Messaggio Da Conan il Gio Apr 19, 2012 12:33 pm

Quindi possiamo trarre interessanti spunti:

- Il metabolismo cala in funzione della diminuzione di massa magra. Quindi continuare ad allenarsi anche in età avanzata è molto importante per mantenersi giovani ed attivi e ridurre la perdita fisiologica di massa magra, innalzando il metabolismo.
Il fabbisogno proteico consigliato è addirittura di 1/1,4g pro kg (basta pensare che nel giovane sedentario si consiglia 0,8/1,2g pro kg e anche 1,8 nell'atleta).

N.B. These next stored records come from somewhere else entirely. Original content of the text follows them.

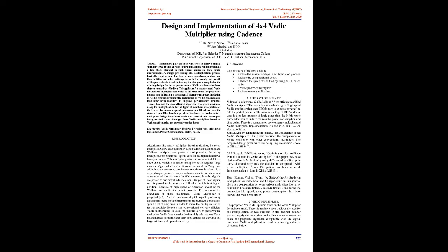To enhance speed, numerous modifications over the standard modified booth algorithm and Wallace Tree methods for multiplier design have been made and several new techniques are being worked upon. Amongst these, Vedic multipliers based on Vedic mathematics are currently under focus.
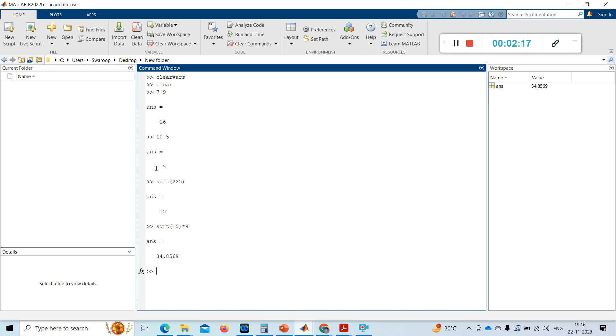After every operation you can see ANS displayed. ANS stands for answer — MATLAB creates a variable whose name is ANS to hold the result.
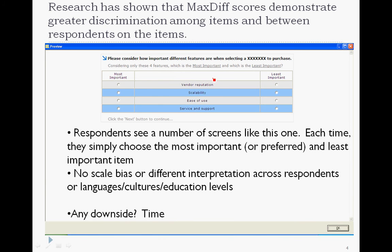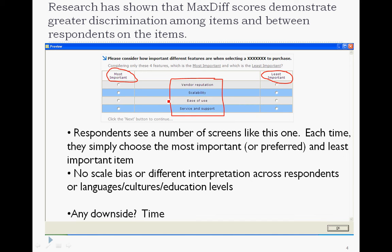MaxDiff takes a different approach. What it does is it pushes the items back to respondents, four or five at a time, and asks them which of these is most important and which of these is least important — or most preferred, least preferred. The respondent simply chooses one that's most important and one that's least important. This is very easy for respondents.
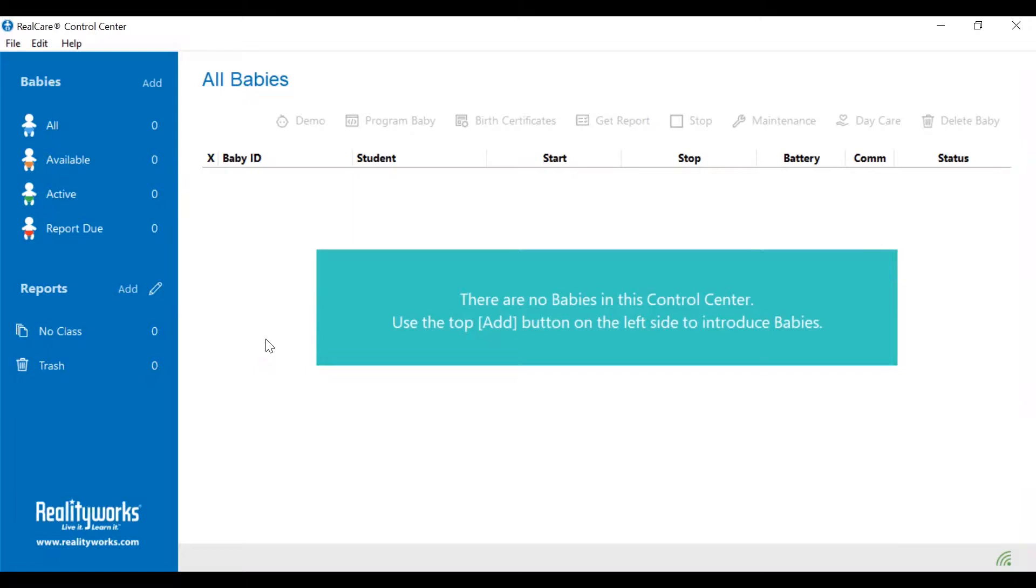If this is the first time that you are adding the babies to the screen, you will have an indicator here that says there are no babies in this control center. Use the top add button on the left side to introduce the babies.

In pratica ben più alto di quello che molti medici consigliano per un ultrasessantenne.

- I glucidi vengono tollerati di meno, causando problemi di iperglicemia e di accumulo di grasso corporeo. Ergo è meglio consumare frutta, verdura e proteine che carboidrati (tutto il contrario di quello che di solito si vede fare, ovvero piatti di pasta e dolci e poca o niente carne).

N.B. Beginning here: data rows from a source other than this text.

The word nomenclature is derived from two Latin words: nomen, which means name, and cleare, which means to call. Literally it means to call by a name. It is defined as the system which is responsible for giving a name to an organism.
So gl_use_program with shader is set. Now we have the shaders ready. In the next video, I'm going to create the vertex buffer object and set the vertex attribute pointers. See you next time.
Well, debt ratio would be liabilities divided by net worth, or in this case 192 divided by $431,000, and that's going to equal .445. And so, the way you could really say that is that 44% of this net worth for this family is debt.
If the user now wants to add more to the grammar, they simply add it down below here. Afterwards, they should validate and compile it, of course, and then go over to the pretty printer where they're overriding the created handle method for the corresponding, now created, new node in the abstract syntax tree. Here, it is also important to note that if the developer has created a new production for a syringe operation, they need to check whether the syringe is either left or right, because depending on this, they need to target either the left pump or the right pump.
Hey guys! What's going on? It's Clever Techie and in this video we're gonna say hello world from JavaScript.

Sarà un caso che i migliori "vecchietti" che si vedono in giro sono proprio quelli che continuano ad allenarsi quotidianamente, mangiano poco, limitato i carboidrati (soprattutto quelli semplici) e si idratano molto? Secondo me no.
Purtroppo in Italia la cultura alimentare corretta è poco divulgata e conosciuta e ci sono più persone con problemi legati ad una scorretta alimentazione/stile di vita che persone sane.